Beyond the standard seesaw: neutrino masses from Kahler operators and broken supersymmetry

TL;DR

This paper explores how neutrino masses can originate from Kahler potential operators in supersymmetry, especially when heavy triplet mediators also serve as SUSY-breaking messengers, linking neutrino physics with collider and rare decay experiments.

Contribution

It introduces a novel mechanism for neutrino mass generation via Kahler operators and proposes a unified framework where seesaw mediators also mediate SUSY breaking, leading to testable predictions.

Findings

Neutrino masses can be generated by Kahler operators with SUSY-breaking effects.

Heavy SU(2)_W triplets can act as both seesaw mediators and SUSY-breaking messengers.

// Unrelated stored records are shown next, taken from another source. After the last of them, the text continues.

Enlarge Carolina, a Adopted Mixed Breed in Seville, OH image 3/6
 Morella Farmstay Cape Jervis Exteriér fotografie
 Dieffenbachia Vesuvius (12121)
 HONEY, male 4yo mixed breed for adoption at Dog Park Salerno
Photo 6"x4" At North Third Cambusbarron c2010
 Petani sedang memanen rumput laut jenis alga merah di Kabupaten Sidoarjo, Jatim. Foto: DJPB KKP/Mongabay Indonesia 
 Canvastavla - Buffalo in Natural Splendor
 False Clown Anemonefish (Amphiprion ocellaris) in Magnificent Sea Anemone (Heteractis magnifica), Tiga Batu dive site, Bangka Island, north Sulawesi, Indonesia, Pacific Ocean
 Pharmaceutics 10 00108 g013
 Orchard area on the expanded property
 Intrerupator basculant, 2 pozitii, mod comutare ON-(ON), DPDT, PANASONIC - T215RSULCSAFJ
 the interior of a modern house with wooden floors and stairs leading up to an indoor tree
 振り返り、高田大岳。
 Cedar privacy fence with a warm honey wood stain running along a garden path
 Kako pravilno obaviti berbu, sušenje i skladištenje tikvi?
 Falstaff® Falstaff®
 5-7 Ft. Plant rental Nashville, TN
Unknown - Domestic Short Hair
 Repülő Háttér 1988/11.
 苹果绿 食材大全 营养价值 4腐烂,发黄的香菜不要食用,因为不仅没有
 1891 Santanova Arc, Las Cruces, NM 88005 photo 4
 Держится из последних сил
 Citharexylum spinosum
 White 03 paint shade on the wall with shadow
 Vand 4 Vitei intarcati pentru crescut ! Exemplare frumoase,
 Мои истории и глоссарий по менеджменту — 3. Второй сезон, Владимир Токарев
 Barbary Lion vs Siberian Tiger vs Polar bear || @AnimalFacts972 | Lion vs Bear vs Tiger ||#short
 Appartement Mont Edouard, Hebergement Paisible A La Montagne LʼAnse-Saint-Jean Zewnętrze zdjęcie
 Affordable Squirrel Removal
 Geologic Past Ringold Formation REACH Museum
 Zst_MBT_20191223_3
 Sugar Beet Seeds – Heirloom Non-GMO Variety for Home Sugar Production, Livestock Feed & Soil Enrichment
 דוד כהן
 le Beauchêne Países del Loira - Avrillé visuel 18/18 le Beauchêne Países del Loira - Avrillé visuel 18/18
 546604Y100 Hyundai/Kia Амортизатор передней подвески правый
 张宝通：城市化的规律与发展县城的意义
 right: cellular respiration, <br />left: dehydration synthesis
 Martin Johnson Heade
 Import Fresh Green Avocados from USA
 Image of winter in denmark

Correlations between neutrino parameters, sparticle masses, and lepton flavor violation are predicted.

Abstract

We investigate supersymmetric scenarios in which neutrino masses are generated by effective d=6 operators in the Kahler potential, rather than by the standard d=5 superpotential operator. First, we discuss some general features of such effective operators, also including SUSY-breaking insertions, and compute the relevant renormalization group equations. Contributions to neutrino masses arise at low energy both at the tree level and through finite threshold corrections. In the second part we present simple explicit realizations in which those Kahler operators arise by integrating out heavy SU(2)_W triplets, as in the type II seesaw. Distinct scenarios emerge, depending on the mechanism and the scale of SUSY-breaking mediation. In particular, we propose an appealing and economical picture in which the heavy seesaw mediators are also messengers of SUSY breaking. In this case, strong correlations exist among neutrino parameters, sparticle and Higgs masses, as well as lepton flavour violating processes. Hence, this scenario can be tested at high-energy colliders, such as the LHC, and at lower energy experiments that measure neutrino parameters or search for rare lepton decays.